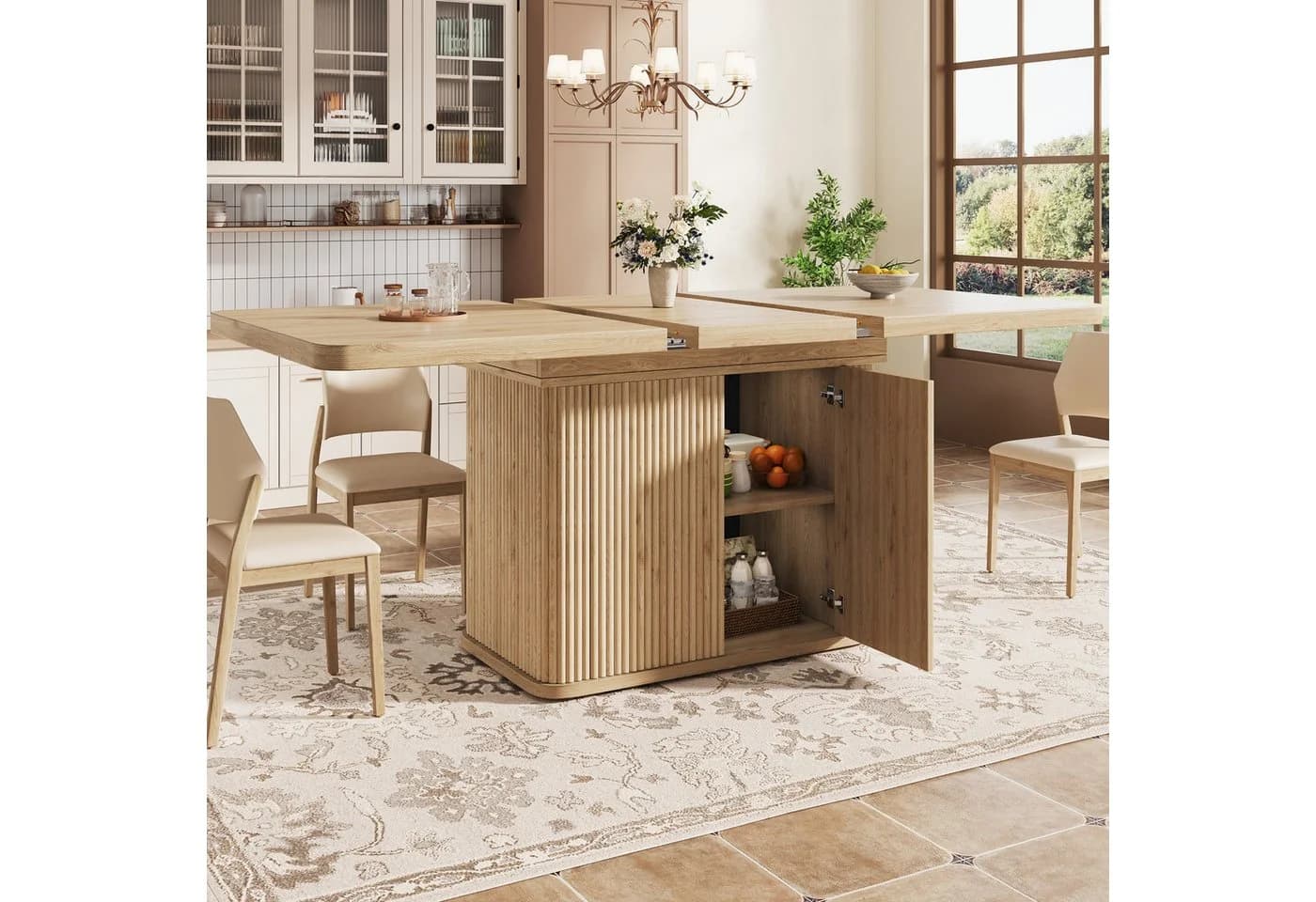 Flieks Ausziehbarer Küchentisch mit Stauraum Holzoptik Beige - Bild 4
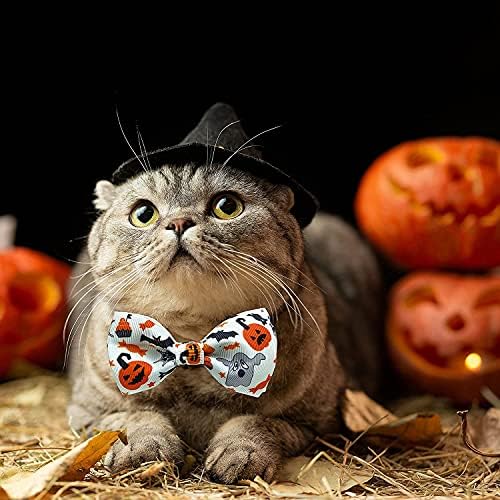 2 pacote colarinho de gato de halloween com gravata borboleta e sino, gatinho gatinho colar de gato de abóbora breakaway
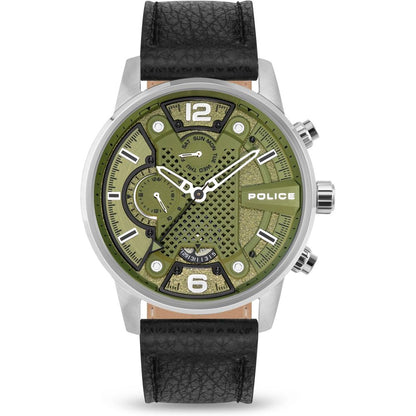 Montre Police en cuir noir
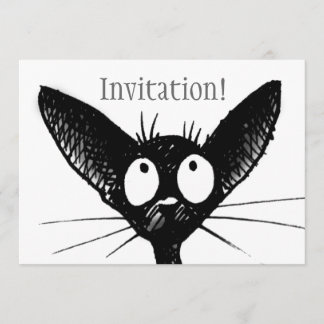 Black Cat-uitnodiging Kaart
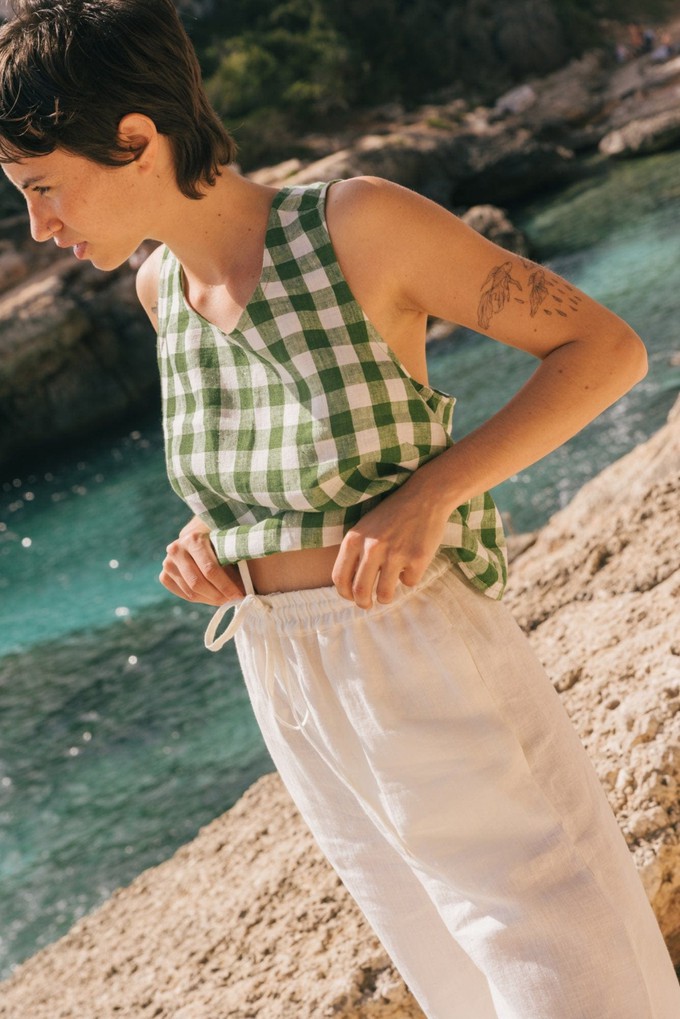 Leah wide linen pants with slits in White from AmourLinen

Problem requirements ▸
Restate each line from the start of the listing through the line bearing "Black Cat-uitnodiging Kaart" word for word. Drop the pictures.

Answer ▸
 Flieks Ausziehbarer Küchentisch mit Stauraum Holzoptik Beige - Bild 4
 2 pacote colarinho de gato de halloween com gravata borboleta e sino, gatinho gatinho colar de gato de abóbora breakaway
 Montre Police en cuir noir
 Black Cat-uitnodiging Kaart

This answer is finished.